*DATA FOR THIS EXERCISE:*
--------------------------------

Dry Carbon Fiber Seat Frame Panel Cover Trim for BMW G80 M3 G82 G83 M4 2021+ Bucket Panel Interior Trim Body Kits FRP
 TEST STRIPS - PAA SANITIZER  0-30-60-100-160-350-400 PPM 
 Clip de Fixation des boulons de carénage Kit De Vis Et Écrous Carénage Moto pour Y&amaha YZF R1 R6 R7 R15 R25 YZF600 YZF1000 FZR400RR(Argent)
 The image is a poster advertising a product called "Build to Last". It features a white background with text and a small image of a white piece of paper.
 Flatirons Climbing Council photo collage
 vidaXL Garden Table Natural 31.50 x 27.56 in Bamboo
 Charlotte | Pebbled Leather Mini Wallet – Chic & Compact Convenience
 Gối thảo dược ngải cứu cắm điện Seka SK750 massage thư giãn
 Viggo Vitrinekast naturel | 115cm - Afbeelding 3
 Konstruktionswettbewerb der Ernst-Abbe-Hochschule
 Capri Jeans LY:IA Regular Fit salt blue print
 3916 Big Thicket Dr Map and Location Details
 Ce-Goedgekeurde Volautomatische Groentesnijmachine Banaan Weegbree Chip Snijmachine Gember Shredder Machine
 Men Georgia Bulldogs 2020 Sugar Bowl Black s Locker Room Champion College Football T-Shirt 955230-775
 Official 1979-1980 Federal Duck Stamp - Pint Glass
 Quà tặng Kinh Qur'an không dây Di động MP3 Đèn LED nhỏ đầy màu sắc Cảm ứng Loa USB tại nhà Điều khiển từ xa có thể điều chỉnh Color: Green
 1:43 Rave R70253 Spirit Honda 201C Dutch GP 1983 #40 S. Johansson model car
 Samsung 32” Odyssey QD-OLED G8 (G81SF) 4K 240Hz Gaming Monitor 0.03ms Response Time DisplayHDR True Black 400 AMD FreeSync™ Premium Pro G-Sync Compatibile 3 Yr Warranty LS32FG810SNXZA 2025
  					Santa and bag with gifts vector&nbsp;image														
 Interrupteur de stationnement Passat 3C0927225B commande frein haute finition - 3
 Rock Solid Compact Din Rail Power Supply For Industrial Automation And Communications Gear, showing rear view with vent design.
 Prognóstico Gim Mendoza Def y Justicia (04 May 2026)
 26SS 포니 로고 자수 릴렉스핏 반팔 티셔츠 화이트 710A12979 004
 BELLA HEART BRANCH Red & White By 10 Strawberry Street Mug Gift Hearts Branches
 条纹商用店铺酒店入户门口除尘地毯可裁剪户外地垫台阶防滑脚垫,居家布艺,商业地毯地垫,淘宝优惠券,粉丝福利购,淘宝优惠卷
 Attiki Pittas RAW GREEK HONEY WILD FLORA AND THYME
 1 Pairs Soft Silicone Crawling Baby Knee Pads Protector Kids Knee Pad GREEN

--------------------------------

*EXERCISE REQUIREMENTS:*
Reproduce, word for word and in full, only the lines above that start at the line with "Quà tặng Kinh" and run through the line with "Interrupteur de stationnement", both ends included.

*OUTPUT OF THE EXERCISE:*
 Quà tặng Kinh Qur'an không dây Di động MP3 Đèn LED nhỏ đầy màu sắc Cảm ứng Loa USB tại nhà Điều khiển từ xa có thể điều chỉnh Color: Green
 1:43 Rave R70253 Spirit Honda 201C Dutch GP 1983 #40 S. Johansson model car
 Samsung 32” Odyssey QD-OLED G8 (G81SF) 4K 240Hz Gaming Monitor 0.03ms Response Time DisplayHDR True Black 400 AMD FreeSync™ Premium Pro G-Sync Compatibile 3 Yr Warranty LS32FG810SNXZA 2025
  					Santa and bag with gifts vector&nbsp;image														
 Interrupteur de stationnement Passat 3C0927225B commande frein haute finition - 3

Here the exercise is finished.